Module 2 · Continuous Black-Box Optimisation

Evolution Strategies & CMA-ES

Evolution strategies (ES) work in continuous spaces \(\mathbb{R}^n\). Their modern form, the covariance-matrix adaptation evolution strategy (CMA-ES, Hansen & Ostermeier 2001), is the strongest general-purpose black-box optimiser ever published — competitive on benchmarks with problem-specific solvers, and the default tool when gradients are unavailable, noisy, or expensive. This module builds it from scratch.

1. The (1+1)-ES

The simplest ES has one parent and one offspring. At iteration \(t\):

\[ \mathbf{x}' \;=\; \mathbf{x}_t + \sigma_t\,\mathbf{z},\qquad \mathbf{z}\sim\mathcal{N}(\mathbf{0},\mathbf{I}) \]

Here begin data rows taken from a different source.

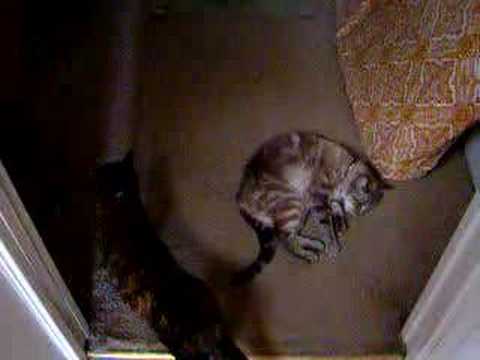 Nippy Kitties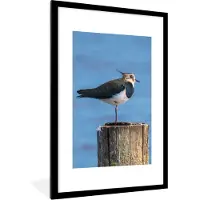 PosterMonkey Poster - Fotolijst - Vogel - Dieren - Paal - Lucht - 80x120 cm - Wanddecoratie - Poster lijst - Poster vogels - Foto met lijst - Poster dieren - Frame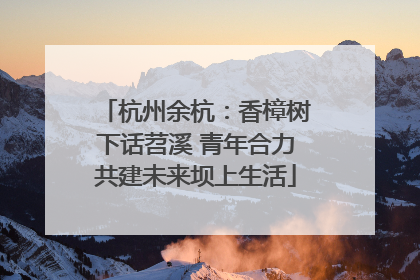 杭州余杭：香樟树下话苕溪 青年合力共建未来坝上生活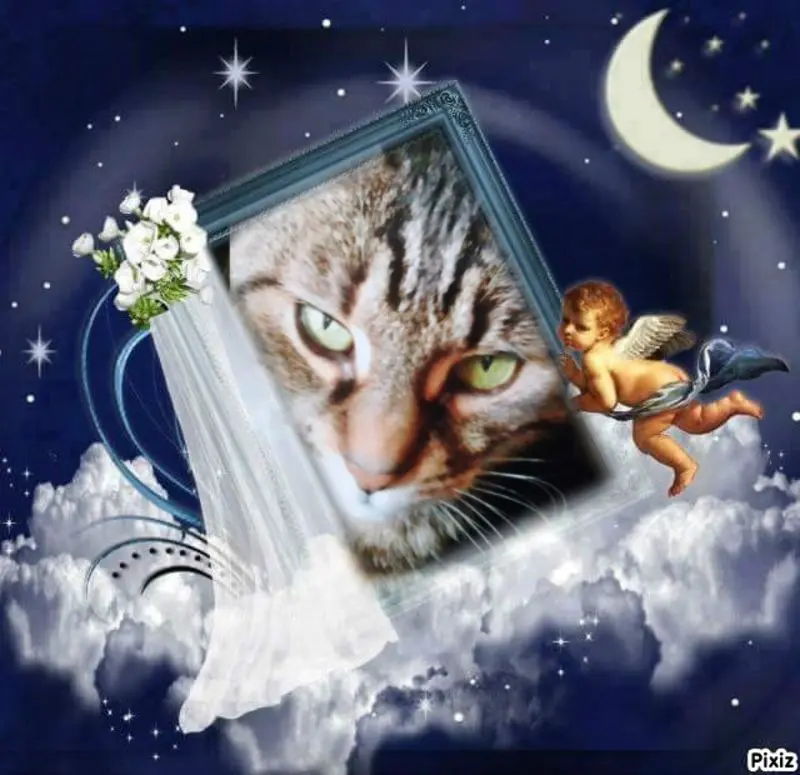 Andachtsbild von Für meinen kleinen Sonnenschein ❤️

If \(f(\mathbf{x}') < f(\mathbf{x}_t)\) (assuming minimisation), accept; otherwise reject. The step size \(\sigma_t\) is adapted by the 1/5 success rule of Rechenberg: increase\(\sigma\) if successes are too frequent (the search is wasting opportunities for bigger steps); decrease it if too rare. The empirical target is a 1-in-5 success rate.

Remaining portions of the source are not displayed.